Tuesday, March 18, 2003

By Adrian McCoy, Post-Gazette Staff Writer

There's a lot of talk about giving young people a reason to stay here. But some of them are making their own reasons.

A good example is an online magazine called The New Yinzer, which is giving new voices an outlet and stirring things up on the local scene.

Its founders thought outside the box about what publishing is, which is one reason the monthly magazine is published online only, staffer Jennifer Meccariello says. "We flipped it. We're an online magazine with a print component, instead of a print magazine with an online component."

Behind New Yinzer is an editorial staff of three 24-year-olds: Meccariello, Margaret Emery and David Madden. Although none was born and raised in Pittsburgh, they all now call it home. All three went to the University of Pittsburgh and wrote for alternative publications such as City Paper and the former In Pittsburgh.

The magazine is funded in part by the Sprout Fund, which gives grants to realize innovative ideas from young people.

The Web site (www.newyinzer.com) has current and past issues, submission guidelines, letters, contact information and news about upcoming New Yinzer events.

New Yinzer has published two collections of stories in print -- "Bedtime Stories for People in Trouble," and the just-published "For a Time We Wanted Something New," a collection of travel-themed stories, which sells for $5.

The magazine publishes fiction and nonfiction stories and essays but no poetry or previously published works. It runs photo essays and comics, but no single photos or drawings, unless they're used as story illustrations. The pieces are generally short -- in part because readers tend to get impatient reading long works on a computer screen.

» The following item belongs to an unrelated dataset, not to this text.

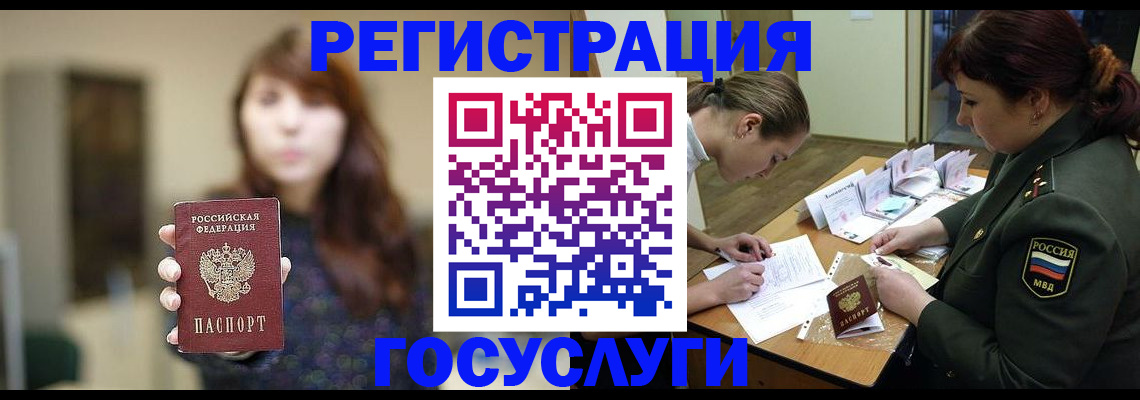 временная регистрация поиск в Верещагино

Contributors are paid with New Yinzer T-shirts: Editors hope to be able to pay their writers when they get more funding.

A sampling of published pieces reflects New Yinzer's slightly off-center approach: There's a photo essay on well-known Pittsburgh landmarks in which the photographer has his back to them, and a record review in which the reviewer gives his two cats a bath while listening to the record, documenting both processes at once.

"We want to publish good stories, grounded in good characters," Madden says. "We like stories and pieces that surprise us, because then we pass that surprise on to the reader."

Another thing they look for is a sense of place, Meccariello says. "A location can sort of become a character in the story. Because we started being Pittsburgh-based, we wanted stories about Pittsburgh."

New Yinzer recently passed its first anniversary -- a milestone for an independent literary magazine.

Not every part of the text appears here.